**Records to use**
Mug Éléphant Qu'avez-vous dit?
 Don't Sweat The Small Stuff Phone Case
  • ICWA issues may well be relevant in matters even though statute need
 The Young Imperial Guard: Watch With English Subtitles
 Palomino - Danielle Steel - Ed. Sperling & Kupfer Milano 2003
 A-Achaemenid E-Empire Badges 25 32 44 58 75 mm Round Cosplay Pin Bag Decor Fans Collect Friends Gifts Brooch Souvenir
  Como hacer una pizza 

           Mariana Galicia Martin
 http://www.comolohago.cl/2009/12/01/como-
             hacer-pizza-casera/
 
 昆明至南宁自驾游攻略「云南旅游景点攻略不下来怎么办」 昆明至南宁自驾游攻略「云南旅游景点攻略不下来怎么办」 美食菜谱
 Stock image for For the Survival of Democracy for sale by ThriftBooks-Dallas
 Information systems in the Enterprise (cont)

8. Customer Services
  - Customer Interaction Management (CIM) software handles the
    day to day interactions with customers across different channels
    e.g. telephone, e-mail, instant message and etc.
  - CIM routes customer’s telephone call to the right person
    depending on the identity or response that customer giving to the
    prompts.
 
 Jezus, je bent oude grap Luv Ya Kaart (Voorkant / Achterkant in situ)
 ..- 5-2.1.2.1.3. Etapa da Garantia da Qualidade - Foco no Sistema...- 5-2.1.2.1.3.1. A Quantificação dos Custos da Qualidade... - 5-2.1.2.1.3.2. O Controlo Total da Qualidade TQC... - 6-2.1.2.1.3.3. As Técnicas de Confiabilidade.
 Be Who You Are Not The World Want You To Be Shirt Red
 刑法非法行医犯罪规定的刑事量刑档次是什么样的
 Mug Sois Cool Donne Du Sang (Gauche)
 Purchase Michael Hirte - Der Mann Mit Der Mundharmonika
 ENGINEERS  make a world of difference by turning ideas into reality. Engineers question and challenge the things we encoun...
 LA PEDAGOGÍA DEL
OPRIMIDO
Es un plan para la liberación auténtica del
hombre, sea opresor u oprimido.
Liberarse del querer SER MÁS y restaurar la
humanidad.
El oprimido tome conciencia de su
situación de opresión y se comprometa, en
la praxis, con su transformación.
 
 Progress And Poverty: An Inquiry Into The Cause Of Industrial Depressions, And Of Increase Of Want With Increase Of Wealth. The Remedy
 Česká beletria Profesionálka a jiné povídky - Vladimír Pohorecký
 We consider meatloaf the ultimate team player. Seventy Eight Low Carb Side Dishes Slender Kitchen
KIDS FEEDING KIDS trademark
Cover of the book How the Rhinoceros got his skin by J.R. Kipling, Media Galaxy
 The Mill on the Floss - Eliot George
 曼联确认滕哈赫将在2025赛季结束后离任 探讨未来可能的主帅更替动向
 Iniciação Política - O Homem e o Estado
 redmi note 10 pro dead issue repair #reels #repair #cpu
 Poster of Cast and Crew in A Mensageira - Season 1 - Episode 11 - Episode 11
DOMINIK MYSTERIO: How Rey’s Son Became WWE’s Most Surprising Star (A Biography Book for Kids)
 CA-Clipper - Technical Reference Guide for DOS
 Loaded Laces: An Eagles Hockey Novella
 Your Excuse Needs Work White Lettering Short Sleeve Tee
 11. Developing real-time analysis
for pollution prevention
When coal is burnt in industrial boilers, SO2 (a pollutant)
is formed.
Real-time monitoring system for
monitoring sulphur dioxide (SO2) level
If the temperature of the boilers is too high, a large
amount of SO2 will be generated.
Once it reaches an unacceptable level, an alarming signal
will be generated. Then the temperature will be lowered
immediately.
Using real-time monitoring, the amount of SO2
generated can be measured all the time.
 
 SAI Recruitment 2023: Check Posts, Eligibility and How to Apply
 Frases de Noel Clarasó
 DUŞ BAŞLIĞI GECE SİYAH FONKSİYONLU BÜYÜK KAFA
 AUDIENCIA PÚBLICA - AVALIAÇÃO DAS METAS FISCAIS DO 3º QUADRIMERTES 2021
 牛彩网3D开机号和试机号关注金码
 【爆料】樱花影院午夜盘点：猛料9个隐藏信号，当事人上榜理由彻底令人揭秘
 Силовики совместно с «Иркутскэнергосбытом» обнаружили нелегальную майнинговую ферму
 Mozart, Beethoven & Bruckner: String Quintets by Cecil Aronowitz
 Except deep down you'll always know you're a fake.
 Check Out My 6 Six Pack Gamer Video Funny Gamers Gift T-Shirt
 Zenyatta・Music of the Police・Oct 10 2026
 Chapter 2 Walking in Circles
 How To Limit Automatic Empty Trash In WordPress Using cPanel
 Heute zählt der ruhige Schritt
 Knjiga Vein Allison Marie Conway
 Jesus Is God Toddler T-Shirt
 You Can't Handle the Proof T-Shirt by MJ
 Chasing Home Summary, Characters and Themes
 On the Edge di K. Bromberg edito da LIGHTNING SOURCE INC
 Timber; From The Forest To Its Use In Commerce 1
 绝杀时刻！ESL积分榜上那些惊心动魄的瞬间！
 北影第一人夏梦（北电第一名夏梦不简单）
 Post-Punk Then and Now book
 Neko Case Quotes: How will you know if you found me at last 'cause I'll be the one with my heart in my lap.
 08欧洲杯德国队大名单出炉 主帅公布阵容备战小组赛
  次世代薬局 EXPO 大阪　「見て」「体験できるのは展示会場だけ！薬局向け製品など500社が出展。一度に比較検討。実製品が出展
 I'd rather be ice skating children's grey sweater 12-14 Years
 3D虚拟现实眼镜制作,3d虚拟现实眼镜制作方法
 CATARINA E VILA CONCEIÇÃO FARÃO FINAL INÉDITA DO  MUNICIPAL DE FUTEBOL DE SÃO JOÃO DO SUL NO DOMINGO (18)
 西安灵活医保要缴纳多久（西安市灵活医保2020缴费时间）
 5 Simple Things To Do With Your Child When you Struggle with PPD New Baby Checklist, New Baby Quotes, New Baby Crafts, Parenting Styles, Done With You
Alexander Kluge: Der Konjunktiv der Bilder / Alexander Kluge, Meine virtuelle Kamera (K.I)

**What to work on**
Give back the entries above exactly as they are, from their first line through the line that contains "8. Customer Services", both included, with nothing else.

**Answer to this exercise**
Mug Éléphant Qu'avez-vous dit?
 Don't Sweat The Small Stuff Phone Case
  • ICWA issues may well be relevant in matters even though statute need
 The Young Imperial Guard: Watch With English Subtitles
 Palomino - Danielle Steel - Ed. Sperling & Kupfer Milano 2003
 A-Achaemenid E-Empire Badges 25 32 44 58 75 mm Round Cosplay Pin Bag Decor Fans Collect Friends Gifts Brooch Souvenir
  Como hacer una pizza 

           Mariana Galicia Martin
 http://www.comolohago.cl/2009/12/01/como-
             hacer-pizza-casera/
 
 昆明至南宁自驾游攻略「云南旅游景点攻略不下来怎么办」 昆明至南宁自驾游攻略「云南旅游景点攻略不下来怎么办」 美食菜谱
 Stock image for For the Survival of Democracy for sale by ThriftBooks-Dallas
 Information systems in the Enterprise (cont)

8. Customer Services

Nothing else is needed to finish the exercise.